Das Erkenntnis des Verwaltungsgerichtshofes vom 28. Februar 1997, Zl. 96/19/2155, langte nach der Aktenlage am 21. April 1997 bei der belangten Behörde ein. Die Entscheidungsfrist nach § 27 VwGG begann mit diesem Tag (wieder) zu laufen. Die Säumnisbeschwerde wäre zulässig, wenn der belangten Behörde für ihre Berufungsentscheidung insgesamt sechs Monate während offener Quote zur Verfügung gestanden wären (vgl. den hg. Beschluss vom 15. Mai 2002, Zl. 2002/12/0028).

Der Verwaltungsgerichtshof legt seiner rechtlichen Beurteilung die unbedenkliche Mitteilung der belangten Behörde, der die Beschwerdeführerin nicht entgegengetreten ist, zu Grunde, dass die im Beschwerdefall maßgebliche Quote nach § 1 Abs. 1 der Verordnung über die Anzahl der Bewilligungen nach dem Aufenthaltsgesetz für 1997 per 2. Juli 1997 bereits erschöpft war.

Rechtlich folgt daraus, dass die belangte Behörde vom Zeitpunkt dieser "Quotenerschöpfung" bis zur Erlassung einer nachfolgenden Quotenverordnung (hier: der entsprechenden, am 1. Jänner 1998 in Kraft getretenen Niederlassungsverordnung 1998, BGBl. II Nr. 371/1997) keine Entscheidungspflicht traf. Die Zeiten der geschlossenen Quote (vom 2. Juli 1997 bis 31. Dezember 1997) waren auf die Frist des § 27 VwGG nicht anzurechnen. Die mit Einlangen des Erkenntnisses des Verwaltungsgerichtshofes am 21. April 1997 in Gang gesetzte Frist des § 27 VwGG war daher im Zeitpunkt der "Quotenerschöpfung" für das Jahr 1997 noch nicht abgelaufen.

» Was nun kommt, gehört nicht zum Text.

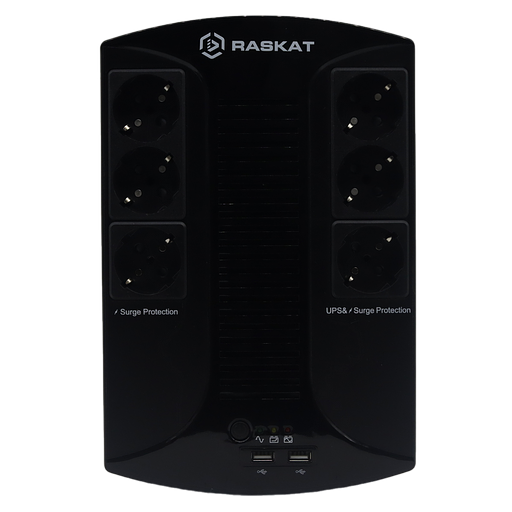 Источник бесперебойного питания (ИБП) Raskat VS-850VA 850VA, 510Вт, 6хCEE 7 фото 2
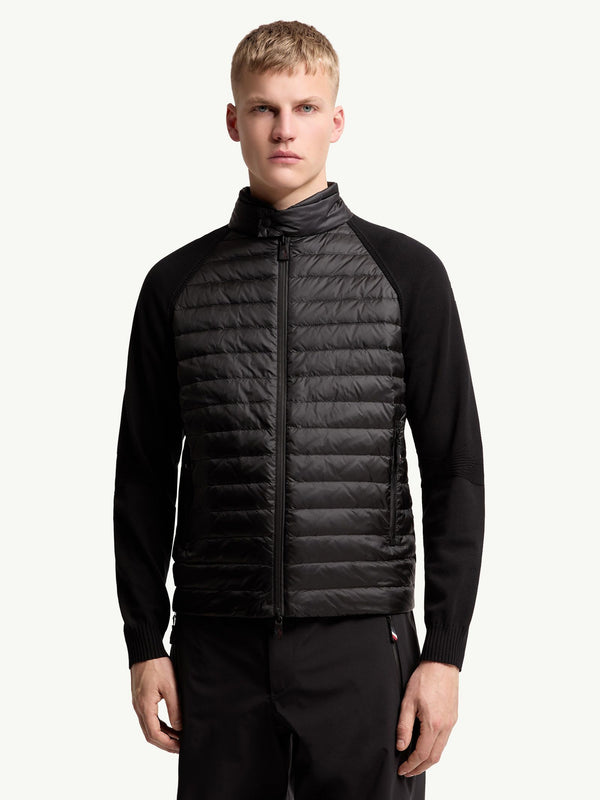 Padded Zip-Up Cardigan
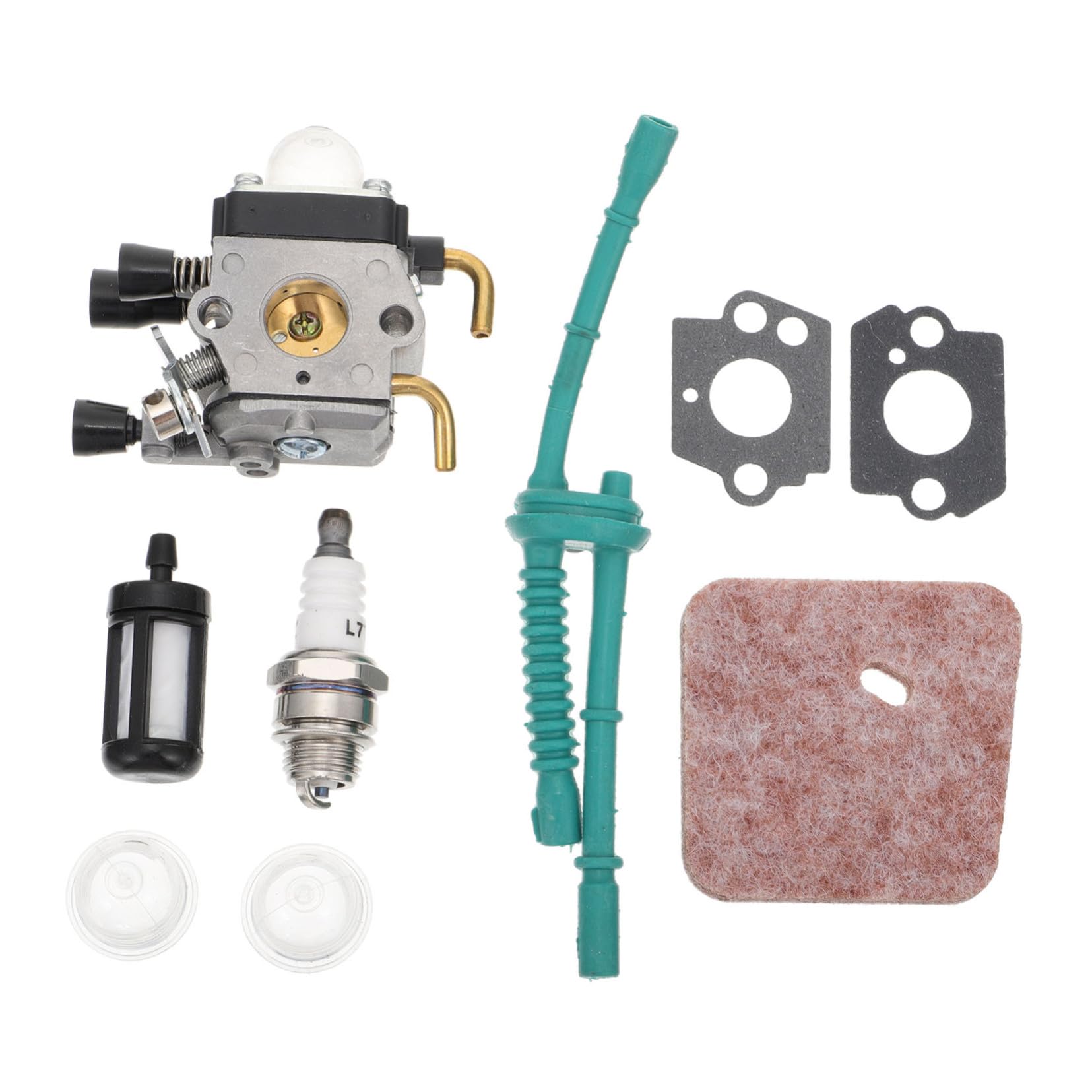HEMOTON 1Satz Rasenmäher Vergaser mit Luftfilter und Dichtungen Kompatibel mit Metallbürstenschneider und Mähmaschinen zu Installieren Langlebig und Praktisch für Gartenpflege HEMOTON 1Satz Rasenmäher Vergaser mit Luftfilter und Dichtungen Kompatibel mit Metallbürstenschneider und Mähmaschinen zu Installieren Langlebig und Praktisch für Gartenpflege von HEMOTON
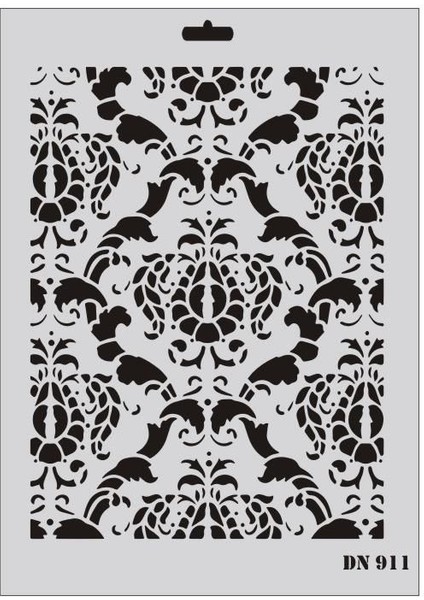 Rich Dantel Seri DN-911 Stencil 35X25 cm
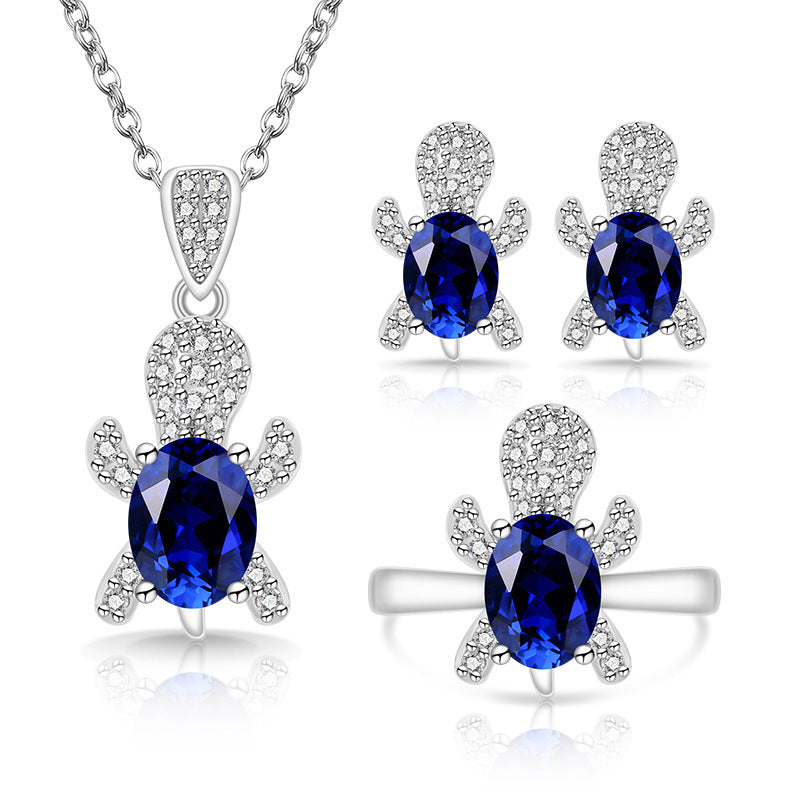 Live Broadcast Fashion Turtle Colored Gems Necklaces
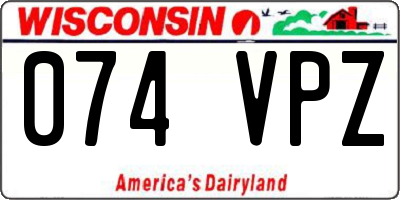 WI license plate 074VPZ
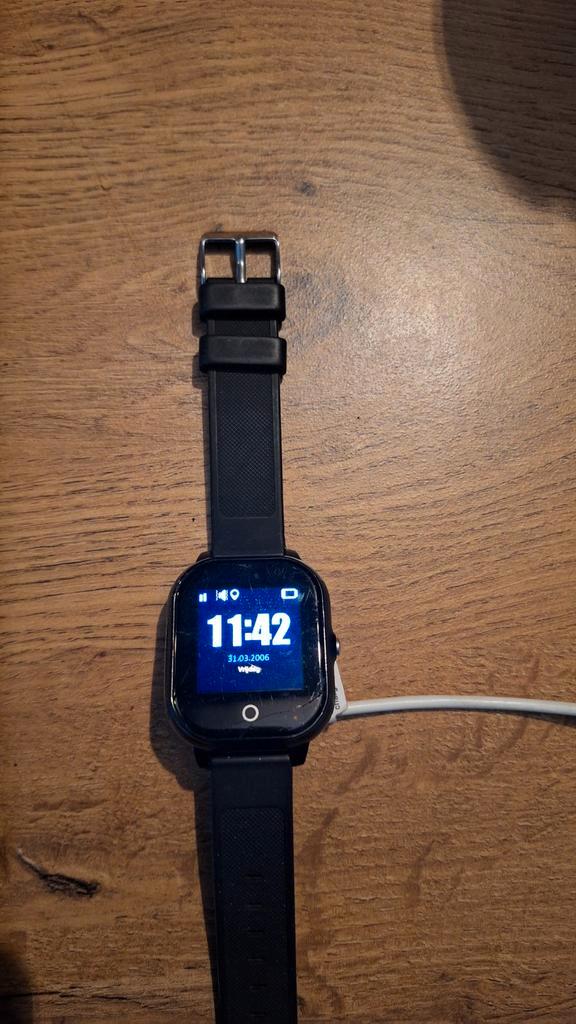 One2track Kinderhorloge, Sieraden, Tassen en Uiterlijk, Smartwatches, Gebruikt, Android, Zwart, Afstand, GPS, Stappen, Waterdicht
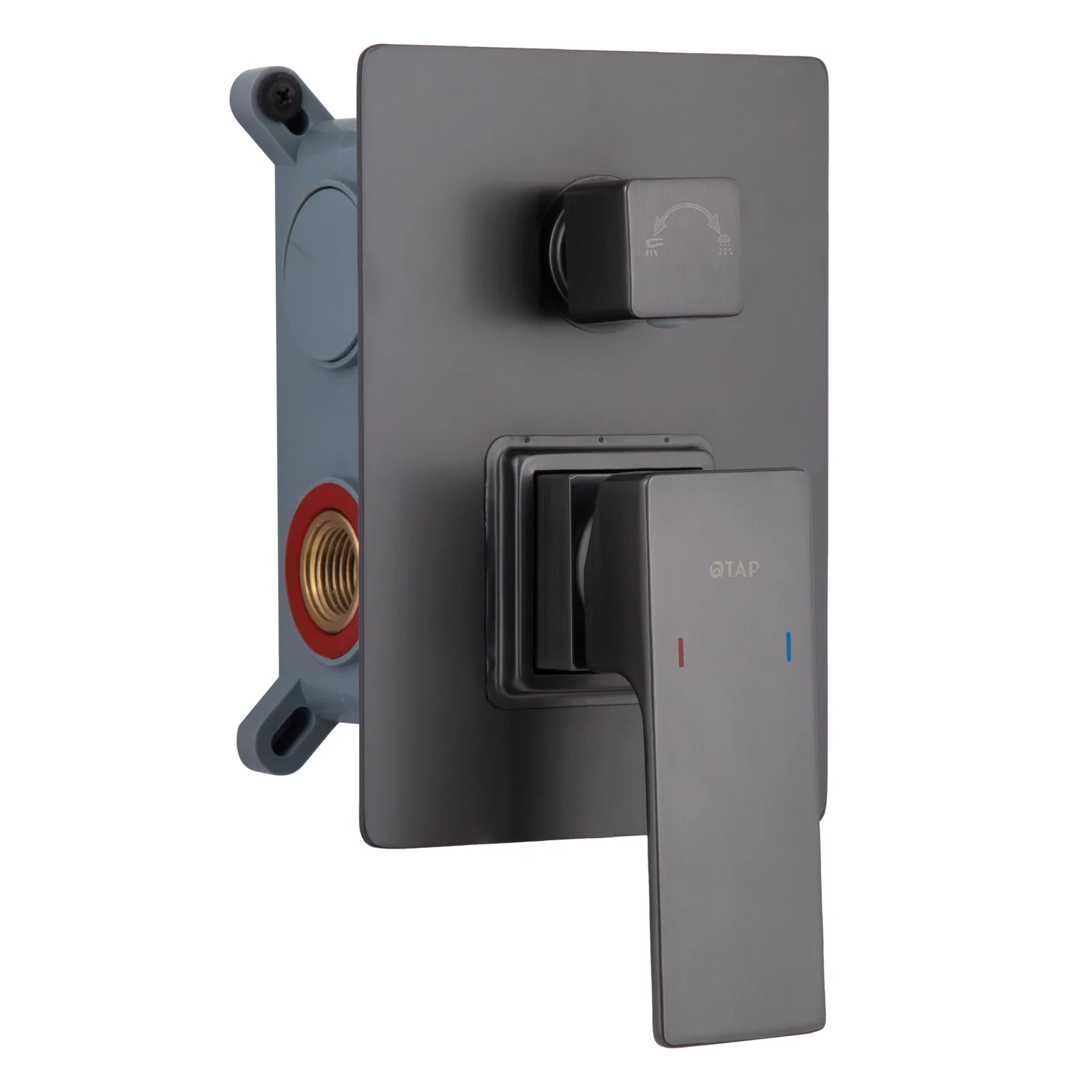 Душевая система Qtap Gemini QTGEM113GMB45698 Gunmetal Black PVD - фото 3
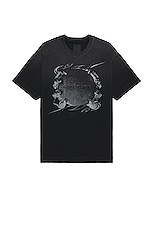 Givenchy Casual Fit Tee in Black, view 1, click to view large image.
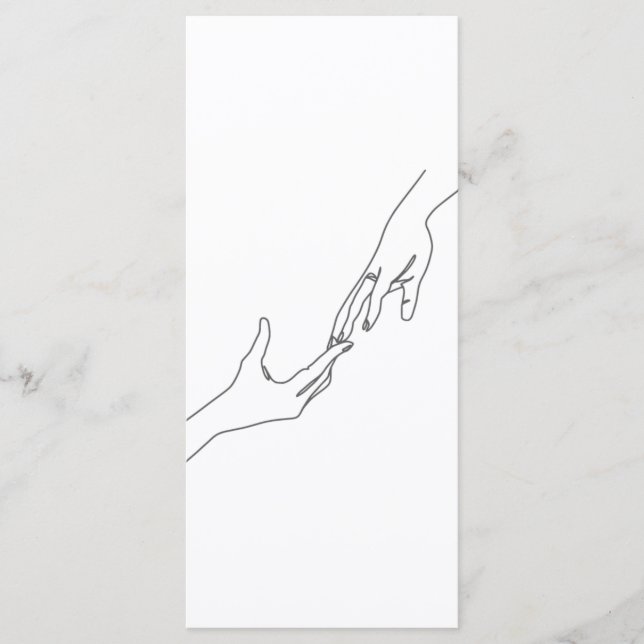 Menu Tiens ma main ! (Devant)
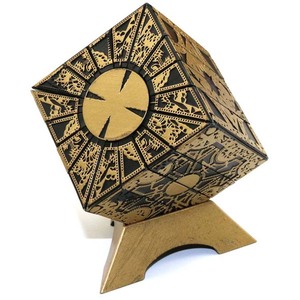 Yeni varış korku 3D bulmaca-sihirli küp kilit ve ağıt yapılandırma fonksiyonel hellweddings küp bulmaca kutusu düğün için - Product Image 1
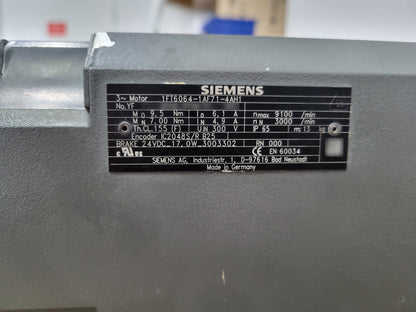 1FT6064-1AF71-4AH1, सिमोटिक्स एस सर्वो मोटर, 2.2kW, सीमेंस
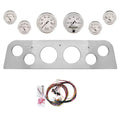 AutoMeter Old Tyme White 60-61 GMC Truck Billet Panel/Gauge Kit - 3-1/8in. (x2) & 2-1/16in. (x4)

Die am 25. November 1997 beim Verwaltungsgerichtshof eingebrachte Säumnisbeschwerde erweist sich demnach als verfrüht. Sie war mangels Berechtigung zur ihrer Erhebung gemäß § 34 Abs. 1 und 3 VwGG zurückzuweisen.

Ein Kostenausspruch konnte entfallen, weil die gemäß § 51 VwGG obsiegende belangte Behörde keinen Antrag auf Aufwandersatz im Sinne des § 59 VwGG gestellt hat.